Amtliche Abnahme in Werben / Archäologen-Fund für die Nachwelt erhalten

„Das Bauwerk ist perfekt“

Im frischen Pflaster „Am Wehl“ nahe des Elbtors bleibt die Historie sichtbar: Der Umriss des früheren Hospitals St. Gertrud ist farblich markiert. Ein Einlauf verfügt über eine Granitmanschette. Fotos: privat

Werben.
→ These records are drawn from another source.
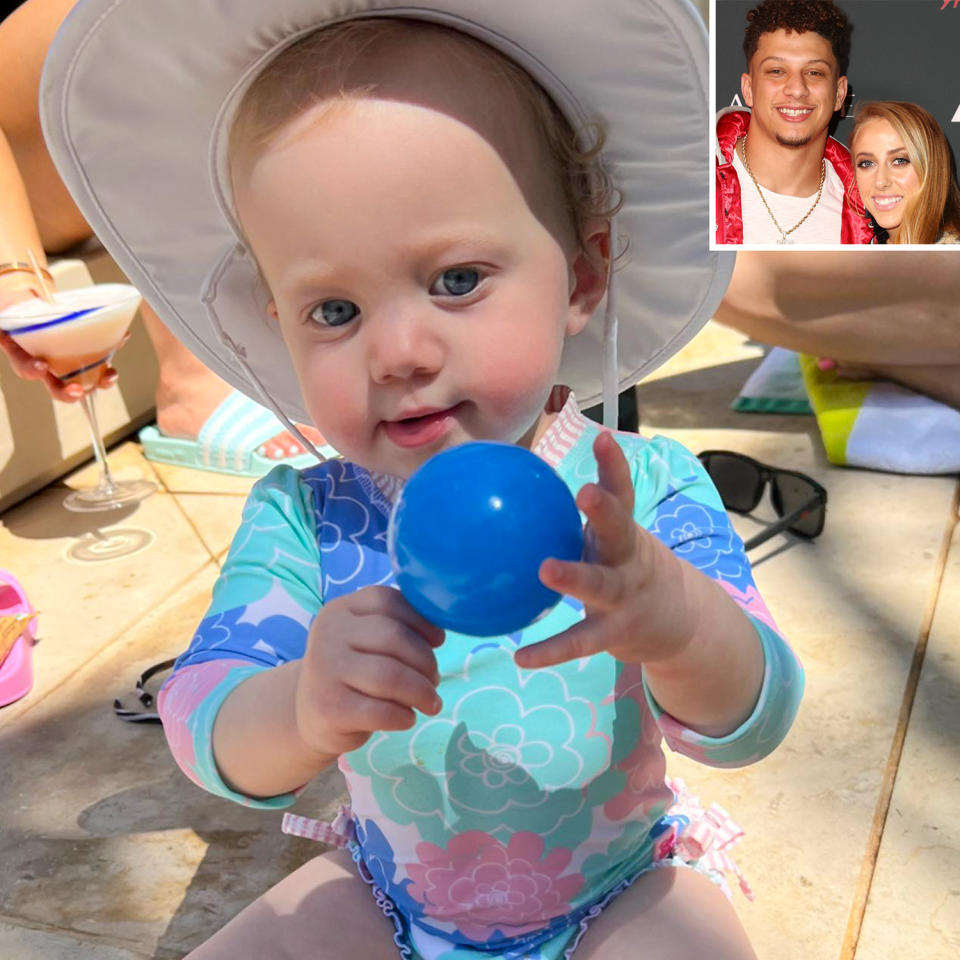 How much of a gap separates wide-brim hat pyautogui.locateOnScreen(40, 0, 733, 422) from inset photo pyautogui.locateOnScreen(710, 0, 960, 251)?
0.19 m

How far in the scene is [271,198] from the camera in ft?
3.34

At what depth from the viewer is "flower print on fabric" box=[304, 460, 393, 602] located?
3.79 feet

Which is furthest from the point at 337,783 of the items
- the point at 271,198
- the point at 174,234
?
the point at 271,198

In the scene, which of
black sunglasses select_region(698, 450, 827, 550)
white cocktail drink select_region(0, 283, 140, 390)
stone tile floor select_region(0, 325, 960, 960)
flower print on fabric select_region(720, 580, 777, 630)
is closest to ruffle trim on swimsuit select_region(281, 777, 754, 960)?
stone tile floor select_region(0, 325, 960, 960)

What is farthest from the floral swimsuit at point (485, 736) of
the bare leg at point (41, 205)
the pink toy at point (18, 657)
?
the bare leg at point (41, 205)

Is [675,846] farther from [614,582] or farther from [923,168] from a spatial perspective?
[923,168]

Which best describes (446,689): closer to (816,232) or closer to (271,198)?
(271,198)

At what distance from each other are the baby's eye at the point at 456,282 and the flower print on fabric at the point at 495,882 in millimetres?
515

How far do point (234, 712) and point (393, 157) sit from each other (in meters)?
0.49

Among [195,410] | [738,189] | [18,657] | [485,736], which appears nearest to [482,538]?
[485,736]

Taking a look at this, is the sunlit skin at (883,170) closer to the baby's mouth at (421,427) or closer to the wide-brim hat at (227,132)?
the wide-brim hat at (227,132)

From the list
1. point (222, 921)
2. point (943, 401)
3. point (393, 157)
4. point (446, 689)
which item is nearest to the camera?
point (393, 157)

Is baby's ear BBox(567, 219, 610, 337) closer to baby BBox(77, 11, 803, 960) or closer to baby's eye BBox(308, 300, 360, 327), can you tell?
baby BBox(77, 11, 803, 960)

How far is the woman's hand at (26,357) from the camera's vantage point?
2.47 meters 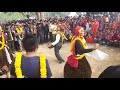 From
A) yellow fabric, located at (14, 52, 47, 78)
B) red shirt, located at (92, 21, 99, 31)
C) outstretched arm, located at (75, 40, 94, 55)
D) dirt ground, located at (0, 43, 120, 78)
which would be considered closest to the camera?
yellow fabric, located at (14, 52, 47, 78)

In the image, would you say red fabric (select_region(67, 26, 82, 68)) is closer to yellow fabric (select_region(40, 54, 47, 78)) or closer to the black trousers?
the black trousers

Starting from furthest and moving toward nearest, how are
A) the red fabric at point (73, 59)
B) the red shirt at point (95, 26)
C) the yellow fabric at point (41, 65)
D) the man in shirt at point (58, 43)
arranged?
1. the red shirt at point (95, 26)
2. the man in shirt at point (58, 43)
3. the red fabric at point (73, 59)
4. the yellow fabric at point (41, 65)

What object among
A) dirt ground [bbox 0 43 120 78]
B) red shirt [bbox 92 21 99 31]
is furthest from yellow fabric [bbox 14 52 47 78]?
red shirt [bbox 92 21 99 31]

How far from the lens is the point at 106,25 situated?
653 cm

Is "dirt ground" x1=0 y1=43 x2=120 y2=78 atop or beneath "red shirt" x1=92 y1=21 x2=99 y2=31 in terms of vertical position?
beneath

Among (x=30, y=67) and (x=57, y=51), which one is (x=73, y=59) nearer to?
(x=57, y=51)

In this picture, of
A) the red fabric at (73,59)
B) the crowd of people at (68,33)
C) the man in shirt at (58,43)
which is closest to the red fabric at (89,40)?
the crowd of people at (68,33)

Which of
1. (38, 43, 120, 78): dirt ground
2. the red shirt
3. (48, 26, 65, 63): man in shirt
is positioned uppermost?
the red shirt

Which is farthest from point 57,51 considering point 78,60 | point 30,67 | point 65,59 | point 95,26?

Die Werbener Elbtor-Störche können mit den Flügeln schlagen, denn seit Mittwochfrüh ist eines der spektakulärsten Straßenbauvorhaben in der Hansestadt weitgehend vollbracht.
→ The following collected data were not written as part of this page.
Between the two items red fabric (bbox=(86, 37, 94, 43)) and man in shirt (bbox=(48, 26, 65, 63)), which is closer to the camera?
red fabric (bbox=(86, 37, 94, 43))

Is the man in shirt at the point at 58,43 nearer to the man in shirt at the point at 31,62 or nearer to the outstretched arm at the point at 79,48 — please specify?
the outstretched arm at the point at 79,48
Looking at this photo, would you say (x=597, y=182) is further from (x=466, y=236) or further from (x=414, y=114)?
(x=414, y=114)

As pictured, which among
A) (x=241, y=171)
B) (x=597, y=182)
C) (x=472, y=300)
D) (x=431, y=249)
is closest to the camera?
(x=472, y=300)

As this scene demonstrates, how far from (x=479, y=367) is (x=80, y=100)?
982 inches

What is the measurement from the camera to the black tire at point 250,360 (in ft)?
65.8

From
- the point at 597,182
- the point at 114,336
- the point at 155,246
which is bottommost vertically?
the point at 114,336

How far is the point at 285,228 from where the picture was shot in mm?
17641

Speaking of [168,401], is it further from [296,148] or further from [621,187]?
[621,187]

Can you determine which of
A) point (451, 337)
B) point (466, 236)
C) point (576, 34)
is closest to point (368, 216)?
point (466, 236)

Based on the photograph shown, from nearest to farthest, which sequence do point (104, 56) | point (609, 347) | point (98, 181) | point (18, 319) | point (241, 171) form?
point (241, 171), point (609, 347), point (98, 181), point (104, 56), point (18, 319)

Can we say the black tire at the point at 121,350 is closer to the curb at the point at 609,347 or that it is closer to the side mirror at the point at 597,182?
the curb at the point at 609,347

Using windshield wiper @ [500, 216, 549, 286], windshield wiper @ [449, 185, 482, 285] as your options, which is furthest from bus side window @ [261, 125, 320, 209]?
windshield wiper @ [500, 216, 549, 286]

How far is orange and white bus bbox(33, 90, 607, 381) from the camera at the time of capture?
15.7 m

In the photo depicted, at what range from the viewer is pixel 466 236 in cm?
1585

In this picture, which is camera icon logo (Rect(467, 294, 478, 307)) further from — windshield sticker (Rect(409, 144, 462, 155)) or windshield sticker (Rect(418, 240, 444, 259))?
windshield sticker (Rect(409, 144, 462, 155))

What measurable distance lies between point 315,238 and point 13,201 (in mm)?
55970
So perlte über dem frischen Pflaster des Deichzubringers „Am Wehl“ feierlich spritziger Schaumwein in stilechten Trinkgefäßen, als die offizielle Bauabnahme mit Architekt Peter Pickler, Arneburg-Goldbecks Bauamtsleiterin Simone Kuhlmann und Werbens Bürgermeister Jochen Hufschmidt (parteilos) vollzogen wurde. Bei dem amtlichen Abschlusstermin waren auch Stadtratsmitglied Benjamin Melms (UWG) und der Stendaler Bauunternehmer Christian Punzel mit von der Partie.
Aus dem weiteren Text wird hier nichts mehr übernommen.